▼

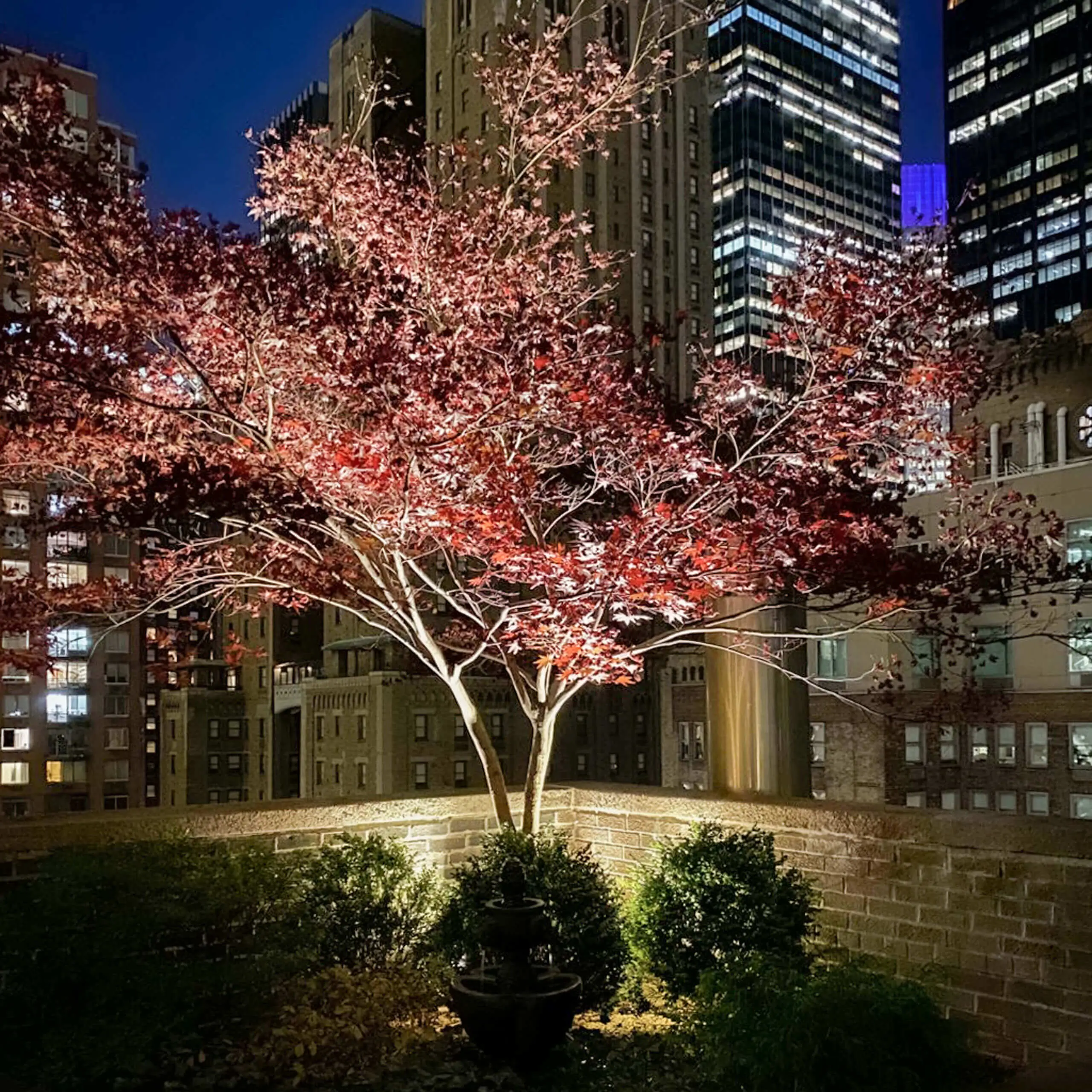 Ein beleuchteter Baum mit roten Blättern steht zwischen hohen Gebäuden in der Stadt bei Nacht.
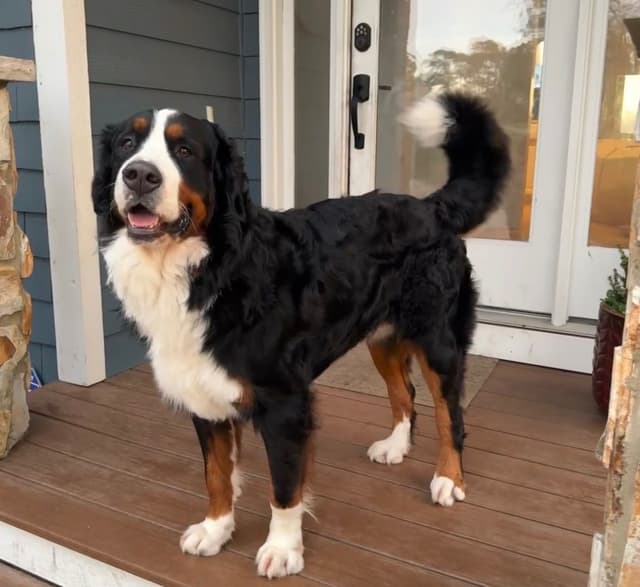 Bernese Mountain Dog Puppies media 4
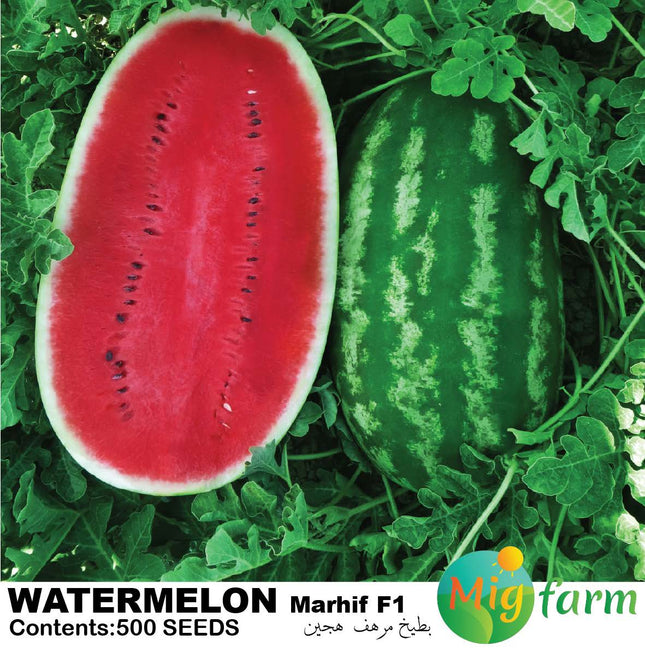 بطيخ مرهف F1 (WATERMELON MARHIF F1)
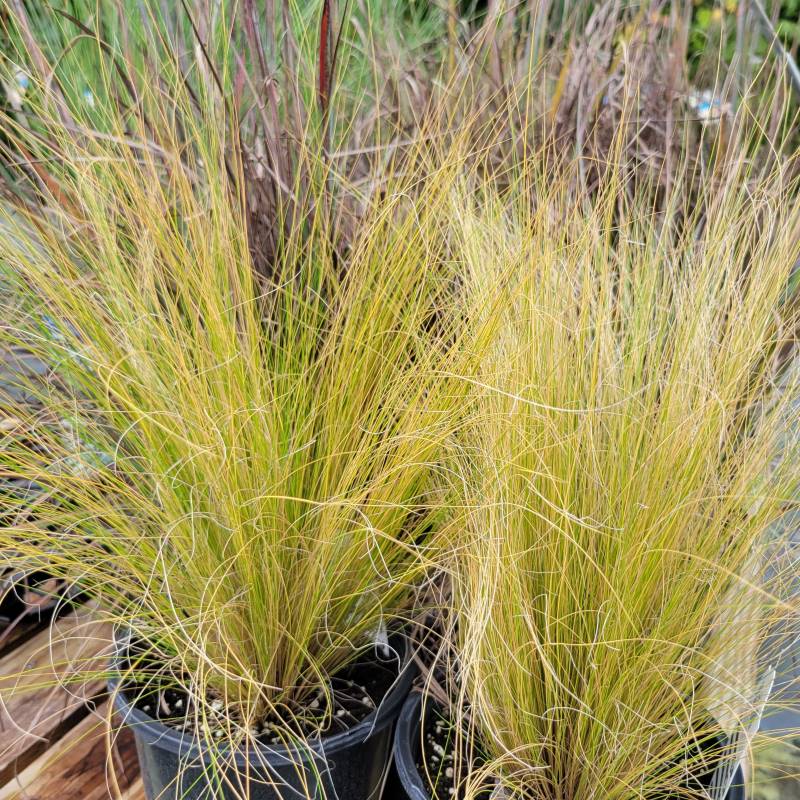 A photo of Nassella tenuissima (Mexican Feather Grass) showcasing the fine texture of the foliage.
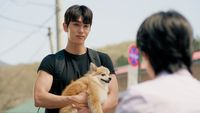 Episode 12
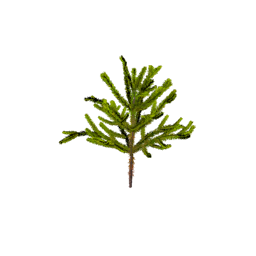 Datei:Item saplingaraucaria.png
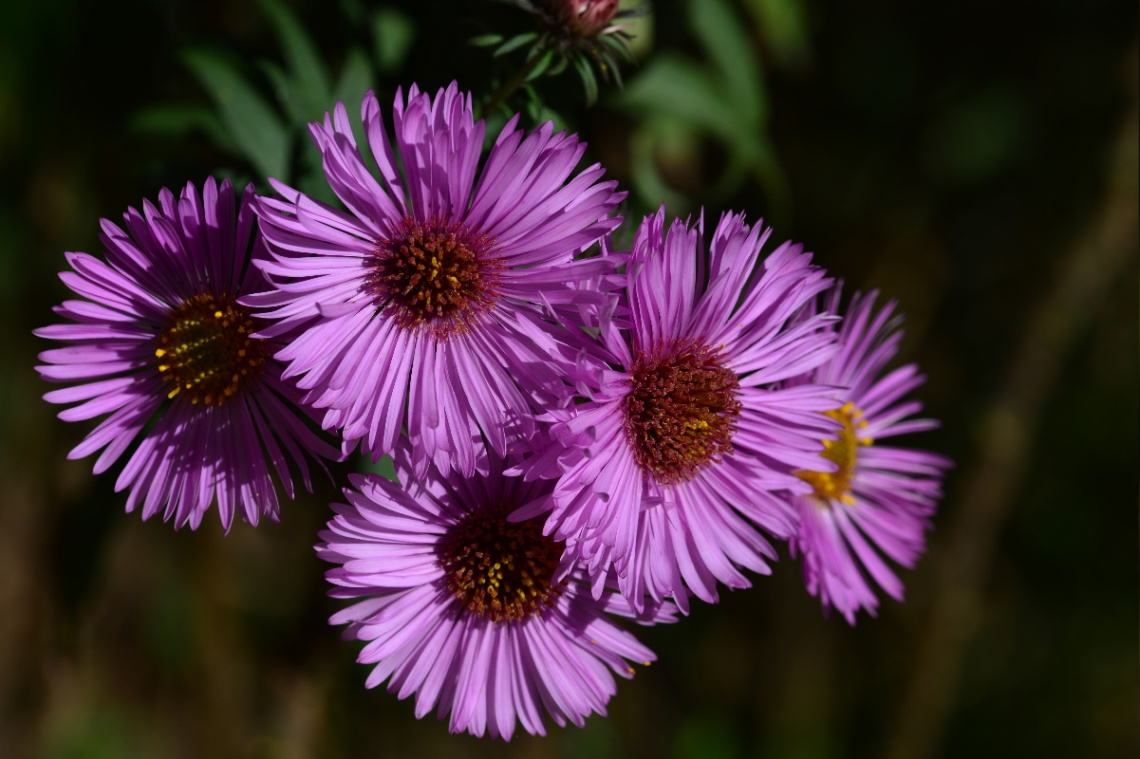 BLÜTEN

▲

> **Description of the task**
All the material shown above is to be copied exactly, with no pictures carried over.

> **Answer for the task**
 Ein beleuchteter Baum mit roten Blättern steht zwischen hohen Gebäuden in der Stadt bei Nacht.
 Bernese Mountain Dog Puppies media 4
 بطيخ مرهف F1 (WATERMELON MARHIF F1)
 A photo of Nassella tenuissima (Mexican Feather Grass) showcasing the fine texture of the foliage.
 Episode 12
 Datei:Item saplingaraucaria.png
 BLÜTEN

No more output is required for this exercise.